(Click here to view article in digital edition)
American football is a heady mix of speed, precision and power, with individual players relentlessly pushing their performance to the limit and beyond, all for the good of the team. Action on the field is now backed-up by digital technology such as play-call plans on tablets and live-data analysis. This combination of athleticism and tactics has been proven, time and again, to optimise the team performance both in the successes of the system coaches and the enthusiasm of the fans.
It’s an interplay between enclosure system technology and software which can also be seen as comparable with the relationship between Rittal and Eplan.

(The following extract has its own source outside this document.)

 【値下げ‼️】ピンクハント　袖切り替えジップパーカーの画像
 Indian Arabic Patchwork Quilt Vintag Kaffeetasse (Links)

When companies are planning and implementing systems in line with their requirements, they always have to bear in mind the potential need for future modifications and the importance of cost-efficiency. Rittal and Eplan are continuously developing their individual system portfolios, then combining value-enhancing process steps in engineering, design, work preparation and production to create a seamless value chain.
When it comes to efficiency, it’s always important to scrutinise long-standing processes – many major innovations have been introduced by using this approach in order to develop solutions that deliver more. One specific example is wiring. Wiring accounts for the largest proportion of the total time needed to build an enclosure – around 50 percent.
The conventional approach is to prepare each wire in advance, a process that involves cutting every strand to length, crimping it and labelling it, which takes on average just under two minutes to complete per strand.
Thinking ahead speeds things up
It’s a job that can be considerably expedited if the necessary connections can be factored in at the planning stage, with the ideal routes identified and the required wire lengths also calculated. The physical execution of everything that has been thought through while the electronics were being designed – the functionally defined electrical connections – can be planned in Eplan Pro Panel.
Thomas Weichsel, Head of Product Management at Eplan, advises, “By linking together engineering and production, companies can create perfectly coordinated combinations of software solutions, system technology, machinery and services.”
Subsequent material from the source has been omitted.